La première rencontre entre le lecteur et Bruna se fait dans un endroit peu accueillant. En effet, Bruna est incarcérée après avoir commis un crime grave. Ici, elle est rattachée à la cuisine où elle s’occupe des repas pour les prisonnières. Cela fait maintenant 11 ans que ses journées s’enchaînent avec une monotonie prévisible. Mais son quotidien est-il vraiment aussi éloigné de celui d’autrefois ?

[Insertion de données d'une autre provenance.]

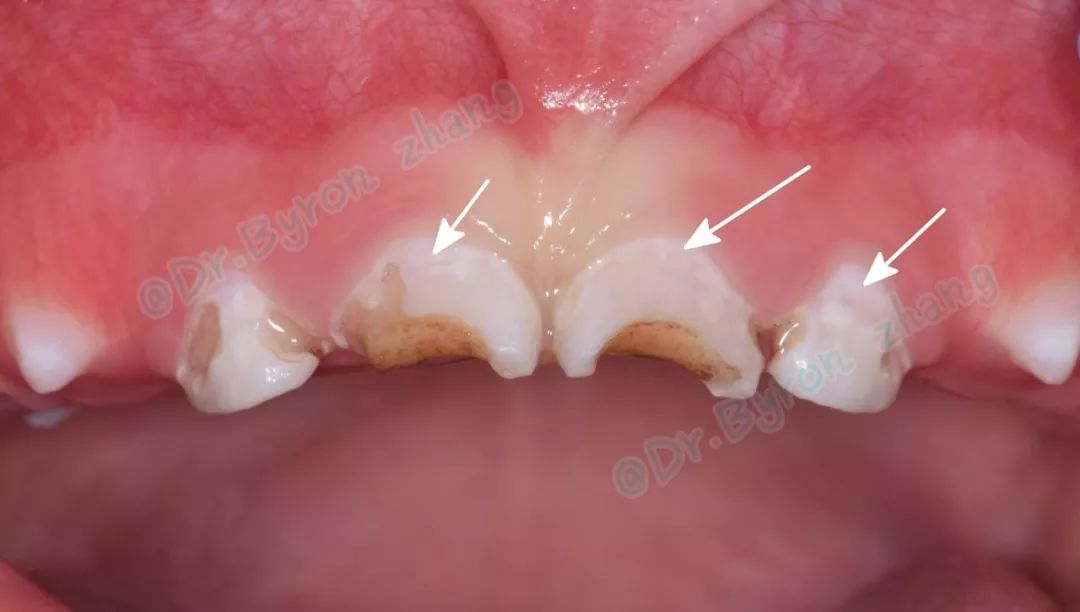 儿童牙齿钙化早期图片图片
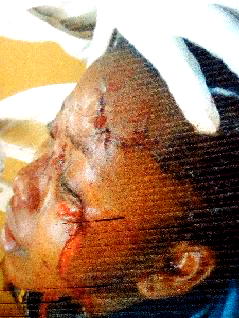 Salesgirl brutalised over over N400 fried meat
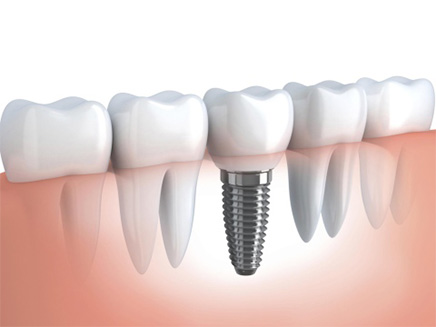 Cosmesi dentale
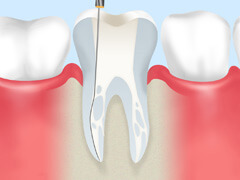 根管治療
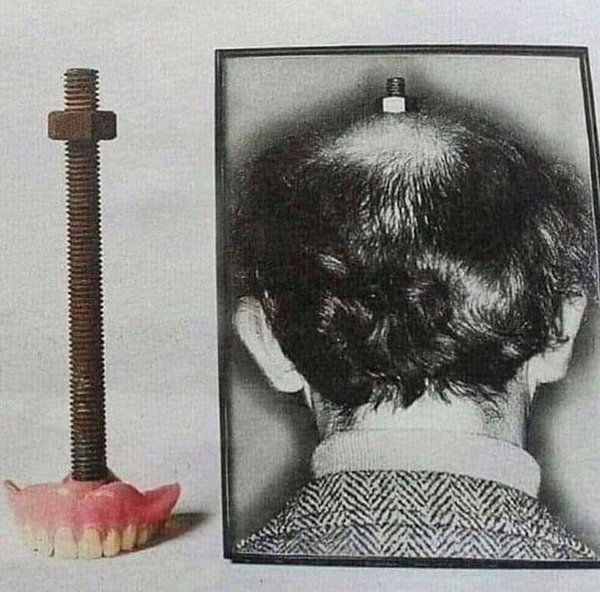 cursed images - Dentistry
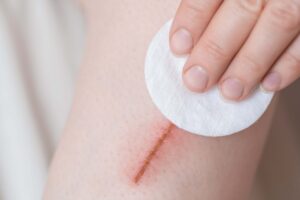 specialist caring for a wound to prevent scarring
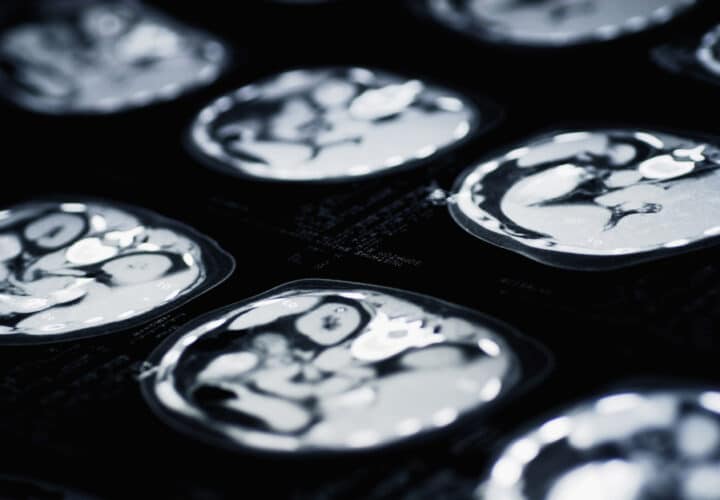 clinical trial for alzheimers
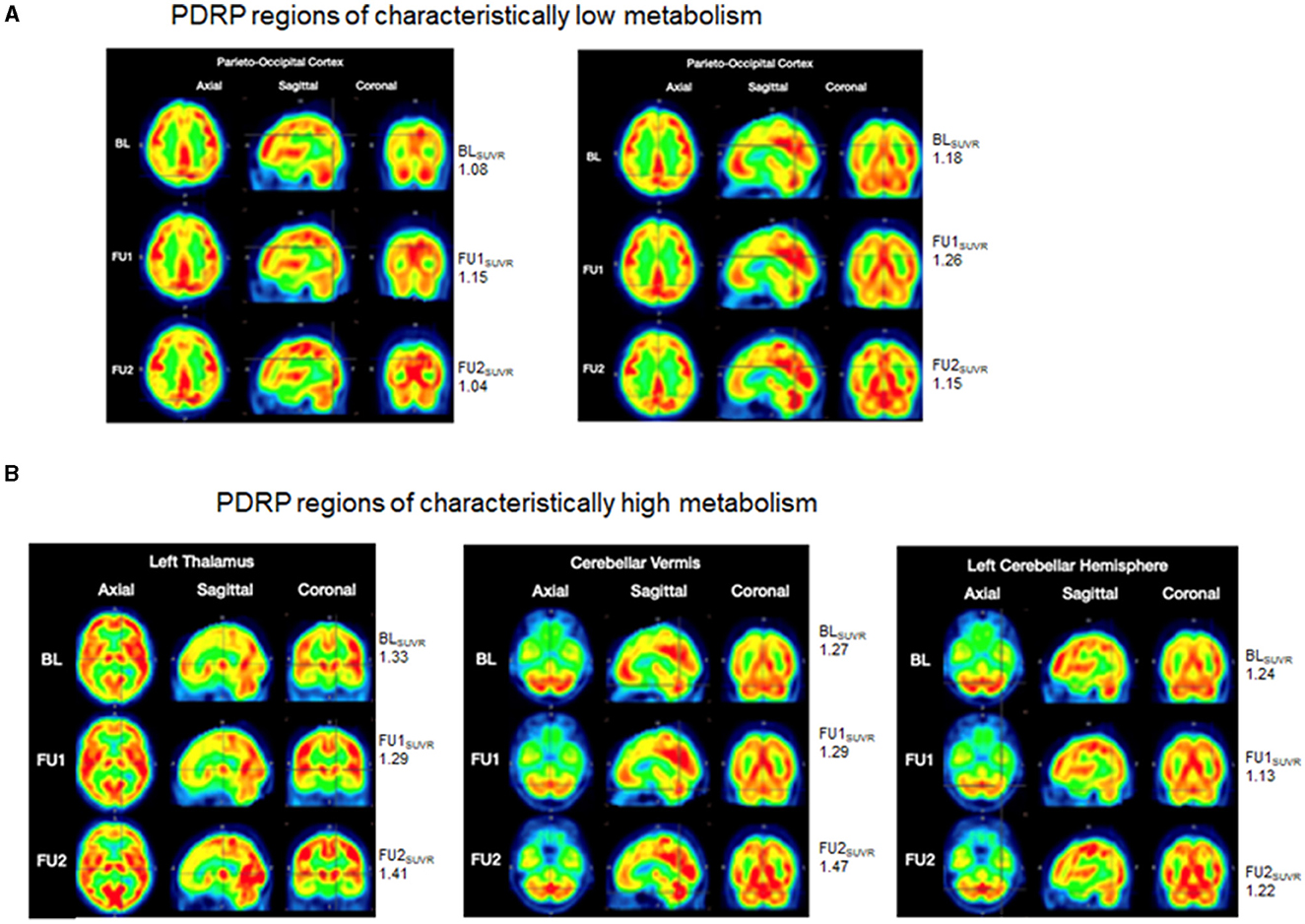 圖3：FDG-PET掃描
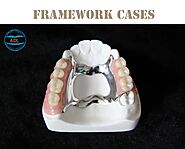 Removable Restoration | Advanced Dental Laboratory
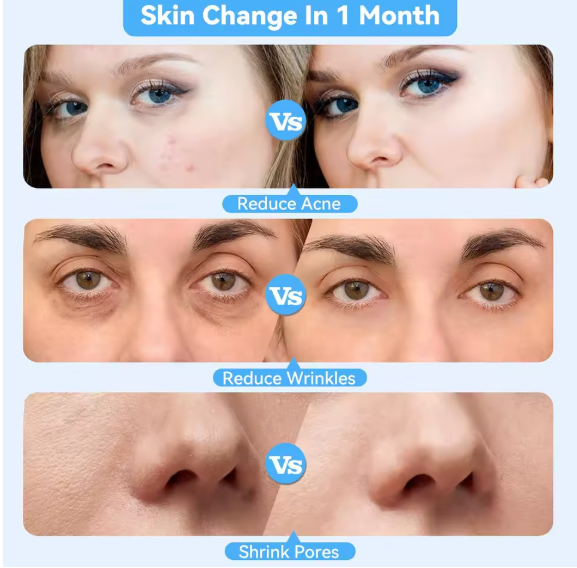 DermaSuction™ Blackhead Vacuum & Deep Pore Cleanser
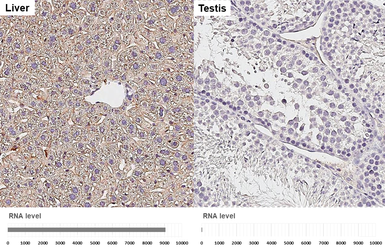 Anti-Apolipoprotein E antibody [GT27711] used in IHC (Paraffin sections) (IHC-P). GTX635889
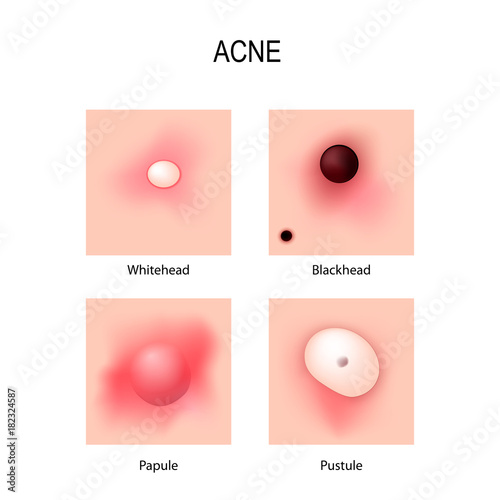 Acne vulgaris. stages of development. Types of pimples.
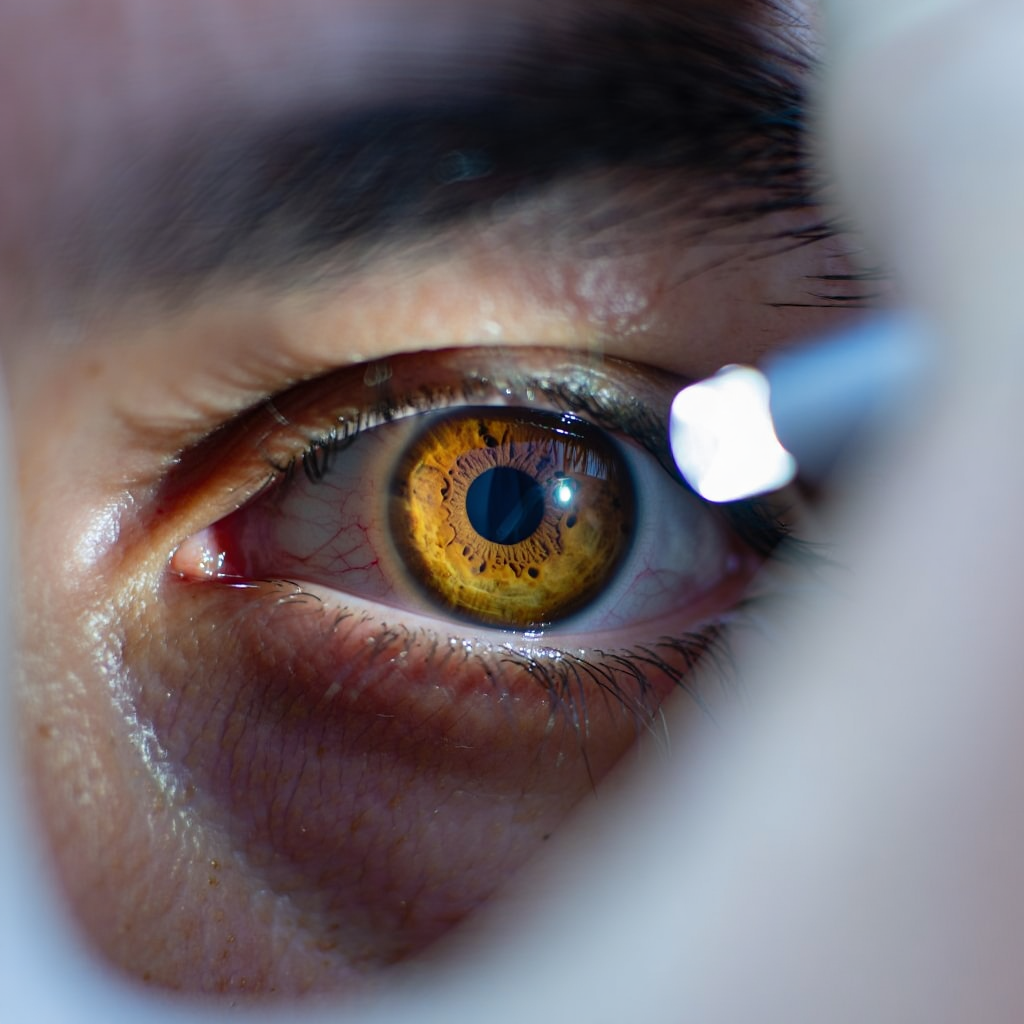 Glaucoma risk assessment at Shine Eye Clinic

Depuis maintenant quatre mille jours, le monde minuscule de Bruna se résume à des couloirs de béton, une cellule, un réfectoire et des espaces de stockage à l’entrée de la petite ville de Slavonie. Bruna tourne de jour en jour dans ce microcosme comme un hamster dans une roue. Et elle retournera encore ainsi pendant cinq semaines.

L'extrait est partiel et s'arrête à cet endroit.